(Captioned web image data)
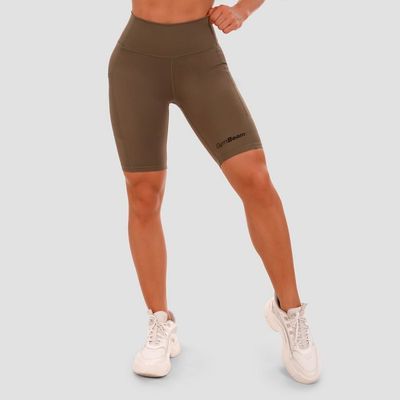 Dámske šortky Biker olive - GymBeam, veľkosť XS, veľkosť oblečenia XS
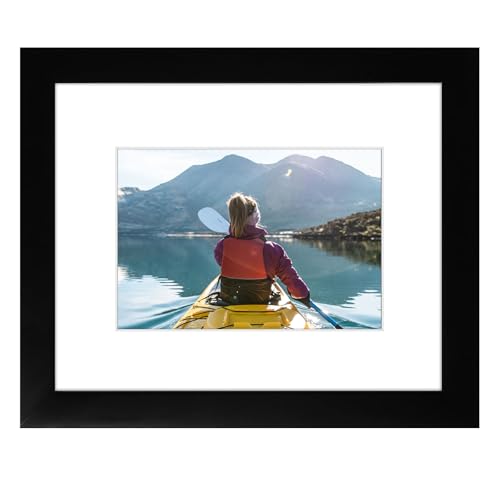 Golden State Art, 8x10 Black Photo Frame - Wood, Real Glass, and White Mat Display for 5x7 Picture (Table-Top or Wall Disp...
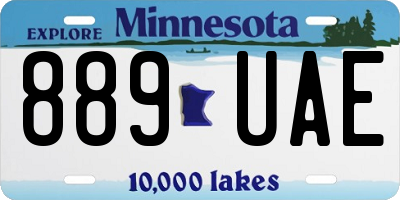 MN license plate 889UAE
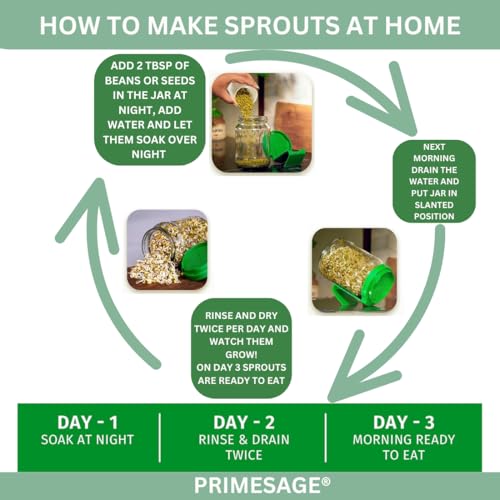 Image of PRIMESAGE Sprout Maker Sprout Jar Sprouts Maker Sprouts Maker Jar Sprout Maker Jar Sprouting | 700 ML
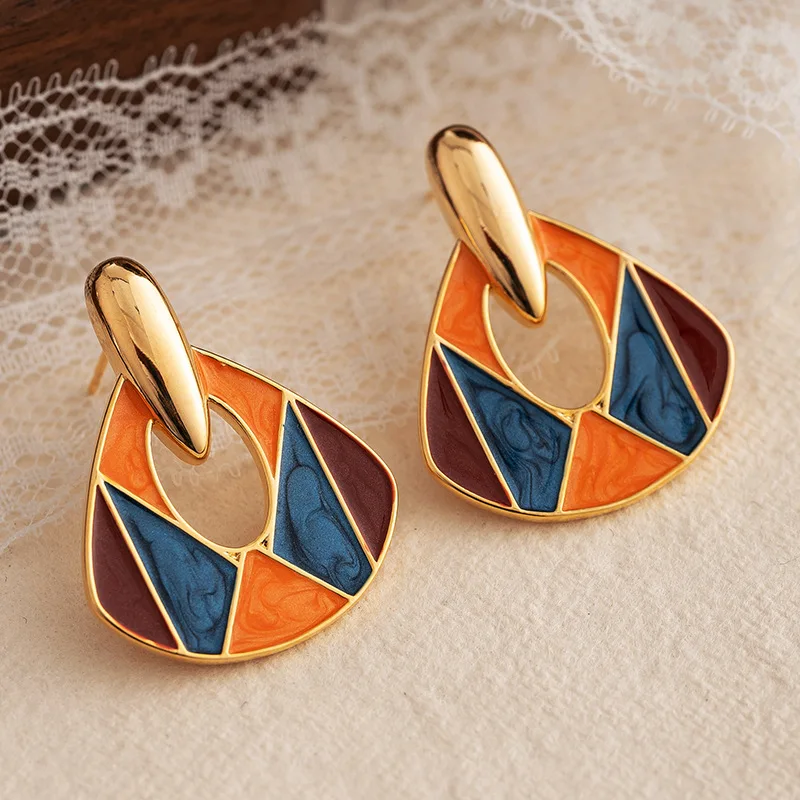 French Enamel Jewellery Personalized Color Matching Earrings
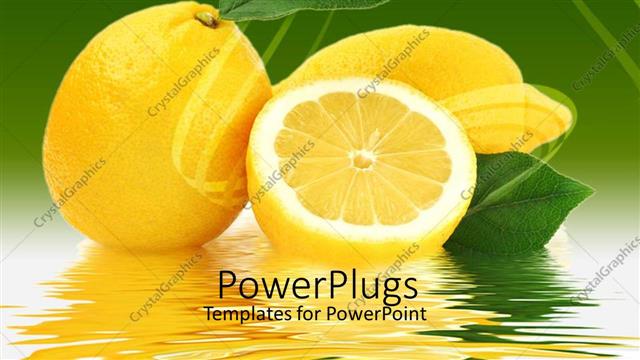  Presentation with lemon - Lemons with leaves with water reflection on green background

● **Problem to solve**: With the pictures removed, copy the data above word for word.

● **Answer space**:
 Dámske šortky Biker olive - GymBeam, veľkosť XS, veľkosť oblečenia XS
 Golden State Art, 8x10 Black Photo Frame - Wood, Real Glass, and White Mat Display for 5x7 Picture (Table-Top or Wall Disp...
 MN license plate 889UAE
 Image of PRIMESAGE Sprout Maker Sprout Jar Sprouts Maker Sprouts Maker Jar Sprout Maker Jar Sprouting | 700 ML
 French Enamel Jewellery Personalized Color Matching Earrings
  Presentation with lemon - Lemons with leaves with water reflection on green background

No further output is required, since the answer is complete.